Problem #1 can be solved in various ways:
- Extend WSDL so that it not only defines the port types but also the
public protocols defined
between the port types.
- "bake" the public protocol into the interface definition of the
service. In the example described in [1]
this option would be implemented by having the Order operation return
the uri of the ChangeOrder
operation forcing the Order to be invoked before the change order.
[Paul Prescod posted a couple
of email on the merit of that approach]
- Coming up with a low tech approach, where the protocol is only
available through a documentation:
developers have to read the documentation to use the service correctly
and have to handle exceptions
when they don't (JavaDoc ++ for web services).
There are probably many more ways to address this to.
By choreography, are we trying to solve problem #1 or problem #2?
Edwin
-----Original Message-----
From: www-ws-arch-request@w3.org [mailto:www-ws-arch-request@w3.org] On
Behalf Of Burdett, David
Sent: Thursday, October 17, 2002 6:30 PM
To: 'Mark Baker'; Champion, Mike
Cc: www-ws-arch@w3.org
Subject: RE: Definition of Choreography
Mark
You said ... Why would I ever need to *share* a description with
anybody?
If you are inside your own business you don't. But choreographies can go
between businesses, in which case you definitely do - see [1].

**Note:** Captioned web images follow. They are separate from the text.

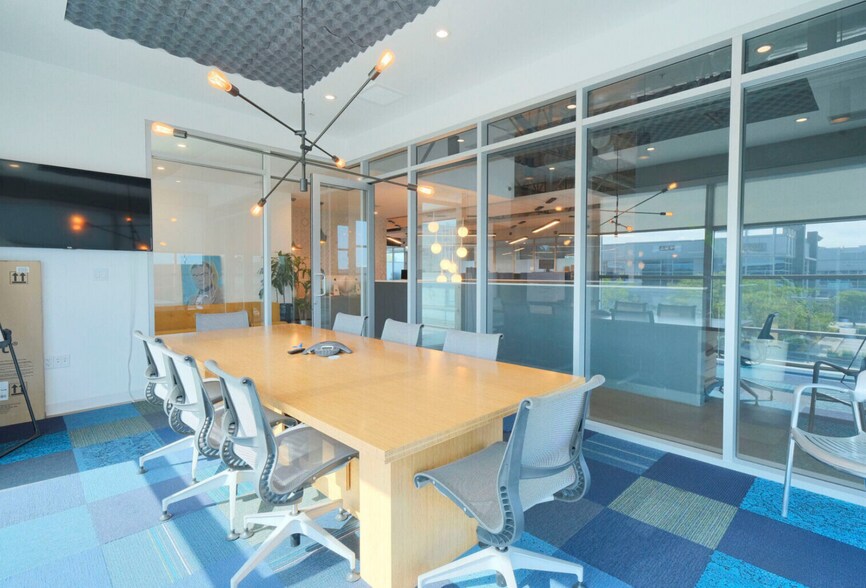 More Photos Of 855 Douglas St, El Segundo Loft Creative Space For Lease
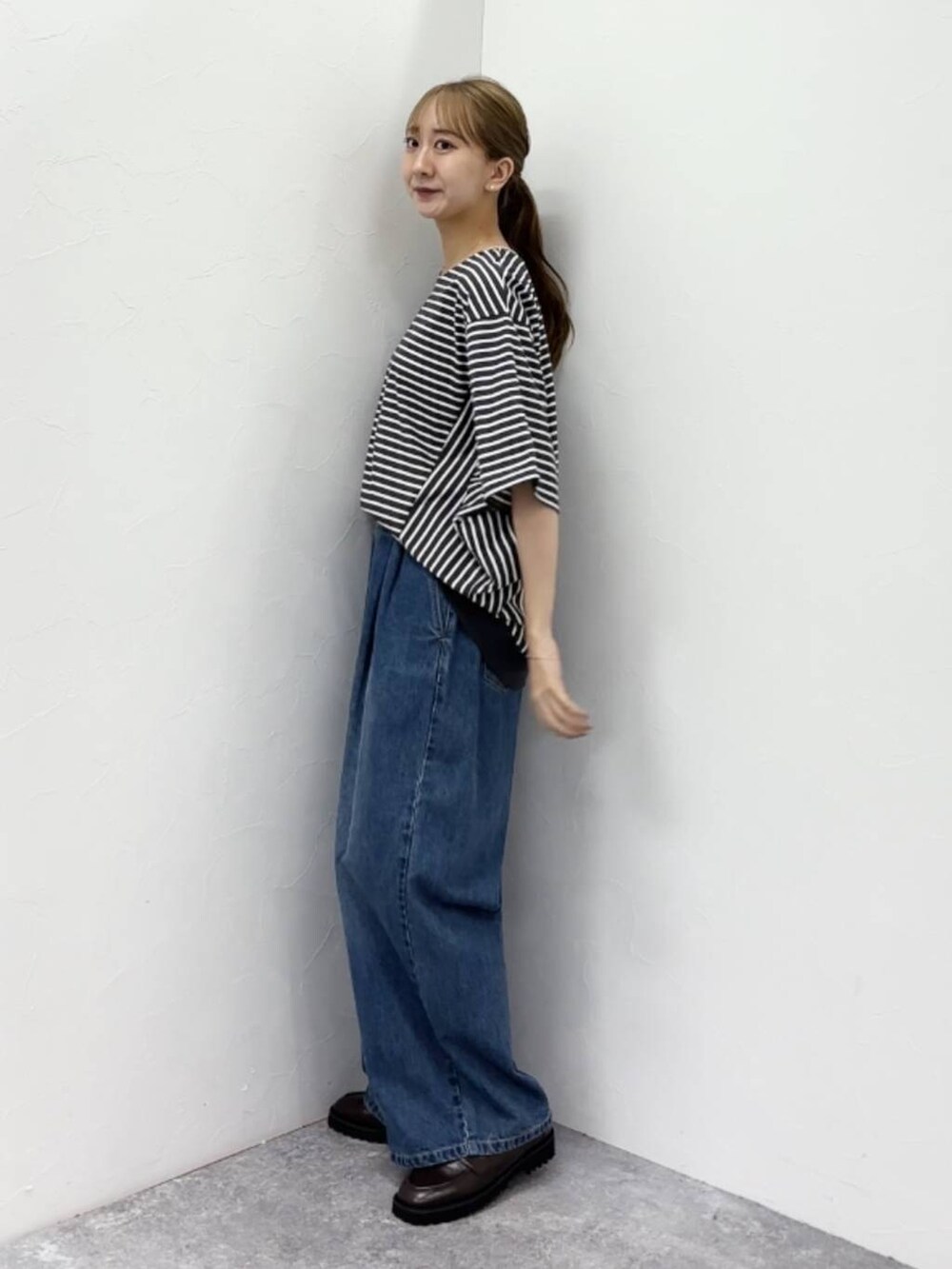 ブルー系のデニムパンツ、その他のTシャツ/カットソーを着用したレディースの夏コーディネートの5枚目の写真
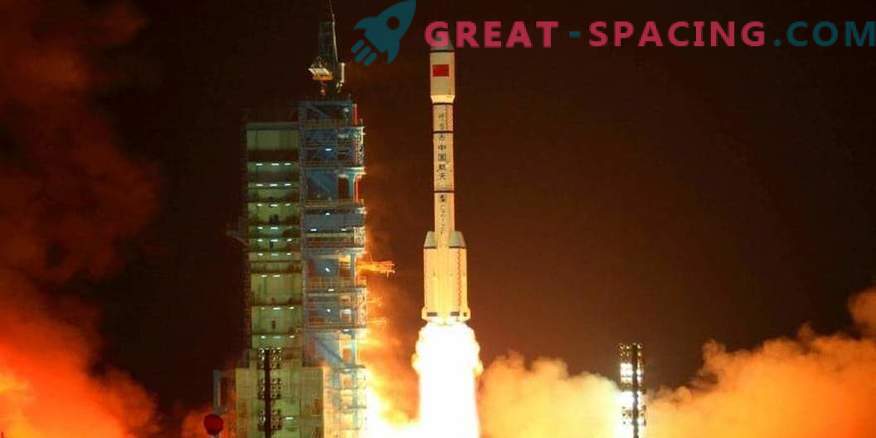 Kina försöker utrota NASA med en superdriven raket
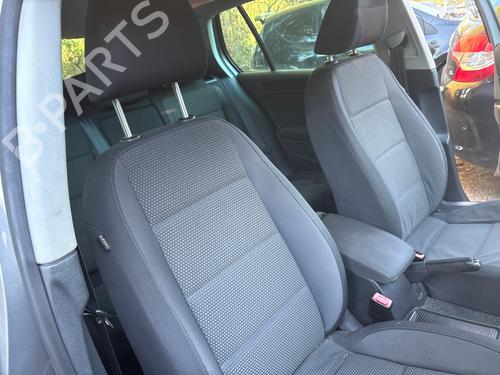Used Right front seat Right front seat 39424276 39424276
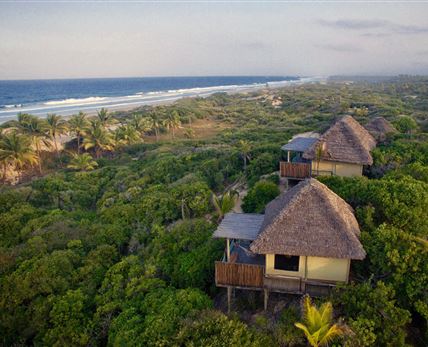 Travessia Beach Lodge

Both sides **need** to know exactly what choreography they are following
otherwise you don't get interoperability. For example we have identified
14 different choreographies that can be used to place an order. Without
a) a precise definition of the choreography that is actually going to be
used, and b) a shared understanding of that choreography by both ends,
it just won't work.
... or am I missing something ...
Regards
David
[1] http://lists.w3.org/Archives/Public/www-ws-arch/2002Oct/0217.html
-----Original Message-----
From: Mark Baker [mailto:distobj@acm.org]
Sent: Thursday, October 17, 2002 6:15 PM
To: Champion, Mike
Cc: www-ws-arch@w3.org
Subject: Re: Definition of Choreography
On second thought, I'd like to focus on this part of your response,
Mike;
On Wed, Oct 16, 2002 at 09:50:12PM -0400, Champion, Mike wrote:
> reason = prompt("why are you doing this to yourself?")
> destination = prompt("where are you going")
> departure = prompt("when do you leave")
> return = prompt("when do you return")
> tripId = TentativelyBookTravel(destination, departure, return)
> estimatedCost = getCost(tripId)
> if (estimatedCost > managerApprovalLimit)
> approved = getVPApproval(reason, estimatedCost)
> else
> approved = getManagerApproval(reason, estimatedCost)
> if (approved)
> confirmTrip(tripId)
> else
> cancelTrip(tripId)
This is a good example. And one could certainly specify a language for
describing such a flow of operations. But why is a *standardized*
language required? Why would I ever need to *share* a description with
anybody?
As I see it, that flow (minus conditions, which are encapsulated within
the service) can be observed at runtime, so doesn't need to be specified
earlier, at least for interop reasons. So I invoke "prompt()" on the
first service, which returns "why are you doing this to yourself?",
which I answer by invoking "answer('because I feel like it')". The
response to that invocation is then another question, or perhaps a
pointer to the next service which I invoke prompt() on, etc, etc..
Behind the scenes, I could certainly be using some description language
to drive this flow. But again, why does it matter if it's standardized
or not? The only reason I could think of, is because we're trying to
enable somebody to reuse their rules with different tools. But that
seems quite different than the motivation I've seen for some of the
choreography specs out there. For example, all of them integrate with
WSDL, which suggests that choreography is part of the interface, not
just the implementation.
Can anybody shed some light on this?
MB
--
Mark Baker, CTO, Idokorro Mobile. Ottawa, Ontario, CANADA.